**INFORMATION SUPPLIED:**
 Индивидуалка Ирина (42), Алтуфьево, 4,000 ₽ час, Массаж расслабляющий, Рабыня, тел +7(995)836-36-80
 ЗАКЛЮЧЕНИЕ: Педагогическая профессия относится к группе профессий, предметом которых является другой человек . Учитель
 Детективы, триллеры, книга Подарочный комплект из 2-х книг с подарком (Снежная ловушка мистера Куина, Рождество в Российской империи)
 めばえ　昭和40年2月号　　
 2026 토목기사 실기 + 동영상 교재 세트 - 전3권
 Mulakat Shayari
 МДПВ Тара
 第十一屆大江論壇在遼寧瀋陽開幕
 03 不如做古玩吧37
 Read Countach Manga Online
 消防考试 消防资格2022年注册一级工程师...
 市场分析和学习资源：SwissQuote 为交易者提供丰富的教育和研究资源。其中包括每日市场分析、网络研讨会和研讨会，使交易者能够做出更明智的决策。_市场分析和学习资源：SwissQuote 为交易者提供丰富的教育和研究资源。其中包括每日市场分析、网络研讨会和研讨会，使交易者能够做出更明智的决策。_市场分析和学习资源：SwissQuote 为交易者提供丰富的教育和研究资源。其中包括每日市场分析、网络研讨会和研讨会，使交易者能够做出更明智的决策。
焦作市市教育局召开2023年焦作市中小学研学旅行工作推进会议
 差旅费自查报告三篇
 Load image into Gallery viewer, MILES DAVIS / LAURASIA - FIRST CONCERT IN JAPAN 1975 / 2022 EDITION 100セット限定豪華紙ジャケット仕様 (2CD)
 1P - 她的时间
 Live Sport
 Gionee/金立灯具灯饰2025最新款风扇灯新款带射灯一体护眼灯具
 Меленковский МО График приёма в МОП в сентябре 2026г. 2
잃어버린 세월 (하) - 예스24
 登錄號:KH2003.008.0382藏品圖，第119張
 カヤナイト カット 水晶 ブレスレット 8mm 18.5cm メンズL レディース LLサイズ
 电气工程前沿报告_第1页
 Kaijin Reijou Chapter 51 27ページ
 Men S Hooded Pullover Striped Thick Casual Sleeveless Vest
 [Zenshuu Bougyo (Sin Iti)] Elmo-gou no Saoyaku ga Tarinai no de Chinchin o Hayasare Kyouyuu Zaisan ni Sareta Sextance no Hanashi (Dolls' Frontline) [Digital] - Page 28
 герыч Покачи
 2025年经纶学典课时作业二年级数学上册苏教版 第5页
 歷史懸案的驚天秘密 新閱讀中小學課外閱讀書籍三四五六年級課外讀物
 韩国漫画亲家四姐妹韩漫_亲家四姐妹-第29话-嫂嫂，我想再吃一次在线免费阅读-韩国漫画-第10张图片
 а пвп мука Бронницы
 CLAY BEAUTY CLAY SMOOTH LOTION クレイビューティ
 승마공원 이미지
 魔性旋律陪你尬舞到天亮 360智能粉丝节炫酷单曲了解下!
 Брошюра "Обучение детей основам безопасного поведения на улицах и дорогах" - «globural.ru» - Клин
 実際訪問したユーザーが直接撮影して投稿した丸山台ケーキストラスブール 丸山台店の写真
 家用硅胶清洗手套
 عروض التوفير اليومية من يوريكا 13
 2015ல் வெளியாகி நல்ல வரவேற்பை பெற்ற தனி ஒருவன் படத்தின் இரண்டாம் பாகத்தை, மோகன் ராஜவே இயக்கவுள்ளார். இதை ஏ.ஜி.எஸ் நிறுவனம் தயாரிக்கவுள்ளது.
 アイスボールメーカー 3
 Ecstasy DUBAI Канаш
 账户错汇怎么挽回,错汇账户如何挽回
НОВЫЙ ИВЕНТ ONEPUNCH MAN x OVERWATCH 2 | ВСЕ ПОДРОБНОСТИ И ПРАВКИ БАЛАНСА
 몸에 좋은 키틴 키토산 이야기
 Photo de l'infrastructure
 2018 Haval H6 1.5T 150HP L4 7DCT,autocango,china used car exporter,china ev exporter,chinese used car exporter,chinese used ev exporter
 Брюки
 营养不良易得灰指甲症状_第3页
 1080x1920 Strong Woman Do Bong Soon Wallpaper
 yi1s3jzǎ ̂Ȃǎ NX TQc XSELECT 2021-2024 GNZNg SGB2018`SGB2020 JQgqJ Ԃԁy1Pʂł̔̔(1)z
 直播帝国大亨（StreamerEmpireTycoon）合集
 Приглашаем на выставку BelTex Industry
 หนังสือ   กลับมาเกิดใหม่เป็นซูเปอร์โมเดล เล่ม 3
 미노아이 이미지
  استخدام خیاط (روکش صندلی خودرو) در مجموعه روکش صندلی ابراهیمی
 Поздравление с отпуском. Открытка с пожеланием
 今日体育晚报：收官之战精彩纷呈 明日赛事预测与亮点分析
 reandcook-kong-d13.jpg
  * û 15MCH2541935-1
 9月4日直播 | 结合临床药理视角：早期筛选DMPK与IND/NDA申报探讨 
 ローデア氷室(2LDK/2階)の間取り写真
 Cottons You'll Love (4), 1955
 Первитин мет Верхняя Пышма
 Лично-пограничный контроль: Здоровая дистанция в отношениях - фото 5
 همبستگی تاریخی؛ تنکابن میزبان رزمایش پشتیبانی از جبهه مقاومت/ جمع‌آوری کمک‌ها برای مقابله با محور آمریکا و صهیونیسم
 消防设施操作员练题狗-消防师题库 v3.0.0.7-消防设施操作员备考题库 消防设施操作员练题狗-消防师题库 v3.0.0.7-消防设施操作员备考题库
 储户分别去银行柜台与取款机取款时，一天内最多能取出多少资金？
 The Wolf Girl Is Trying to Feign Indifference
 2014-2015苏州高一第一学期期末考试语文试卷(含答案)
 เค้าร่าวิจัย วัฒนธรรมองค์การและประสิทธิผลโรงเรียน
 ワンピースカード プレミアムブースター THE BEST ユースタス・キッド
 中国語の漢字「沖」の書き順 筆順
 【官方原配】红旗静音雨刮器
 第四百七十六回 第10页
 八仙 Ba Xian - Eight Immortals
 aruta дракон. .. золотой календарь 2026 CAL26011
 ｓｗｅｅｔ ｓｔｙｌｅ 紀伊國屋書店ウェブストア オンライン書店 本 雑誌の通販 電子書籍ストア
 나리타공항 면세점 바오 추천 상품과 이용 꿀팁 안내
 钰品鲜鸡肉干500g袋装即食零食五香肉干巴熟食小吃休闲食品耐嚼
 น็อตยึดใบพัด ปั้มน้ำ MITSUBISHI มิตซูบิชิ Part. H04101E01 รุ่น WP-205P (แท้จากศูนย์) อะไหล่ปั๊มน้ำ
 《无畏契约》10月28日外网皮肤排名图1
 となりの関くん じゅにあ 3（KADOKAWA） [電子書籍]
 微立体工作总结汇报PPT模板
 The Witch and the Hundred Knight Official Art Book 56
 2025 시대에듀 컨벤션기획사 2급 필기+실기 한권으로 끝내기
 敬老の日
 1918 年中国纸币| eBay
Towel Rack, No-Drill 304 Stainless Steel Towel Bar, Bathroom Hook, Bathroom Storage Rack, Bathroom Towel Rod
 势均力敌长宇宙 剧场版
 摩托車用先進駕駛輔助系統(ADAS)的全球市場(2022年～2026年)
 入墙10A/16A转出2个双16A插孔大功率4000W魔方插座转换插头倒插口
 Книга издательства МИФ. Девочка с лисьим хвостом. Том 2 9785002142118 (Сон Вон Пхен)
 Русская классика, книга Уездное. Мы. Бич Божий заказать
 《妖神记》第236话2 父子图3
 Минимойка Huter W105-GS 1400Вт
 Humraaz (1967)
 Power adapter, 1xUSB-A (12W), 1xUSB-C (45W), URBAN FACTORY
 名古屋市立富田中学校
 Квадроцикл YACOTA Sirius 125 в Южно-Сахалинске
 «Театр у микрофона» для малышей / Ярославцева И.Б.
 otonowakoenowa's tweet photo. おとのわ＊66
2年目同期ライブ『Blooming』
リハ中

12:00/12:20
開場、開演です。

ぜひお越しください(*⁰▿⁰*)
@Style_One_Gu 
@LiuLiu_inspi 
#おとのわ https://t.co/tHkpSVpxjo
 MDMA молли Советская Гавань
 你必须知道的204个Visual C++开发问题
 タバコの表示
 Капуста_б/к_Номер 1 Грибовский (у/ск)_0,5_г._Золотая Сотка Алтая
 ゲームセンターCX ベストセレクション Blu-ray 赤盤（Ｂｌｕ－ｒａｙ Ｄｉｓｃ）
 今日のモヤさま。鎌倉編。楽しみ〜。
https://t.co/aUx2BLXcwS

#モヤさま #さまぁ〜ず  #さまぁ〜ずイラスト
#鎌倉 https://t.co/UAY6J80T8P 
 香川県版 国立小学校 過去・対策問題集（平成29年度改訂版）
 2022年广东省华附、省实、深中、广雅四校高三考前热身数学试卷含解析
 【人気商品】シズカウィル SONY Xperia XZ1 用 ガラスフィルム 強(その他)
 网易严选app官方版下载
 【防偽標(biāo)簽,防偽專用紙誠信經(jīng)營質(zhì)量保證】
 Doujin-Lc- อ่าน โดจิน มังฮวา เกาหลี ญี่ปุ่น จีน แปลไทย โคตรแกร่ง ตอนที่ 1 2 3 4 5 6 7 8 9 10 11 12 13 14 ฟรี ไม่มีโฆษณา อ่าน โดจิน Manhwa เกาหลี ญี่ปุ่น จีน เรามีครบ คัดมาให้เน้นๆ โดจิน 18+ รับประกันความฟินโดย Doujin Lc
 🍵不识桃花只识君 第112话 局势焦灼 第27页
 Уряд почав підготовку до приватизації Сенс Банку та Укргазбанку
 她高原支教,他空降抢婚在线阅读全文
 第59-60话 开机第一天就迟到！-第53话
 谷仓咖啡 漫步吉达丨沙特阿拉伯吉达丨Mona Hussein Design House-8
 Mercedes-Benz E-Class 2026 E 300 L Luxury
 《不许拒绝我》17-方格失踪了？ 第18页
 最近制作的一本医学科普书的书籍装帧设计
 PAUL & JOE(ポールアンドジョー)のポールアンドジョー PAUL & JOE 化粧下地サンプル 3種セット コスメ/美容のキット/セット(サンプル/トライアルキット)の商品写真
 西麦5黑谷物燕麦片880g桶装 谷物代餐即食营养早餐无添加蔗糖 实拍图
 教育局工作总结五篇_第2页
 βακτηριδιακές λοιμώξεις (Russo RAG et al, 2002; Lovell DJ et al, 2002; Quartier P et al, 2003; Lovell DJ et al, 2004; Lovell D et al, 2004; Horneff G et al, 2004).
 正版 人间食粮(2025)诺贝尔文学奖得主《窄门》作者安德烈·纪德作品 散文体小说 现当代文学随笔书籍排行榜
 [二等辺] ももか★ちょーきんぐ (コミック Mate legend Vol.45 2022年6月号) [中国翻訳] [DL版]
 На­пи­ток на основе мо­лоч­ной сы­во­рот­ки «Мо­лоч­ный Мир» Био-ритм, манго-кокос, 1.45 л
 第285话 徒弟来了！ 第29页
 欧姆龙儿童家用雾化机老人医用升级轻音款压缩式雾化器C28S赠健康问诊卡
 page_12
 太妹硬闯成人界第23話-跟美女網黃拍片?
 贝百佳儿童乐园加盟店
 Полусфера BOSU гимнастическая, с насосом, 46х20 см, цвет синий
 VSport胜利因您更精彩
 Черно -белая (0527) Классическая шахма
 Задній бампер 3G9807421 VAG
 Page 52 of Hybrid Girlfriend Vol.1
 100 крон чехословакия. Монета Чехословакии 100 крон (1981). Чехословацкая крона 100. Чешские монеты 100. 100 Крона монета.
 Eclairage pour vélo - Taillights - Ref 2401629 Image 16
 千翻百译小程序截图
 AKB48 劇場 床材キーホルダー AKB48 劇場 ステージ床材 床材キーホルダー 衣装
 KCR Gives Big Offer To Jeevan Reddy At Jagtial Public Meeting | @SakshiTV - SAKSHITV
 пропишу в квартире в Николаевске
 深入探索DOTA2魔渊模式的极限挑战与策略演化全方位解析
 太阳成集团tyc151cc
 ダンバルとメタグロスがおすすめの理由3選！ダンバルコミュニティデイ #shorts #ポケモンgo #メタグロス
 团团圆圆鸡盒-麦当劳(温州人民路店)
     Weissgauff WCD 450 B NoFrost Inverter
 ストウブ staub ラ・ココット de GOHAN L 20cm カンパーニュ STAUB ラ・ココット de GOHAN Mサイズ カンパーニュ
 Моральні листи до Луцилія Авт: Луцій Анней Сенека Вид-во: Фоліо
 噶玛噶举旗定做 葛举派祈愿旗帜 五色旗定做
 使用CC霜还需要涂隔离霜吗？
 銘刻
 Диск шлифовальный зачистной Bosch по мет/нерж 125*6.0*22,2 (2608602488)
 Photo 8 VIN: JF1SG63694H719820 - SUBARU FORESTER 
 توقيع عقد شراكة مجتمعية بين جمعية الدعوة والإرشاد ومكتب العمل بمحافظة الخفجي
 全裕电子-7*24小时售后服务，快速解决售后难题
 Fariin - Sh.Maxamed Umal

**TASK INSTRUCTIONS:**
Working through the entries above, copy every line in which "https" is found.

**EXERCISE RESPONSE:**
#おとのわ https://t.co/tHkpSVpxjo
https://t.co/aUx2BLXcwS
#鎌倉 https://t.co/UAY6J80T8P 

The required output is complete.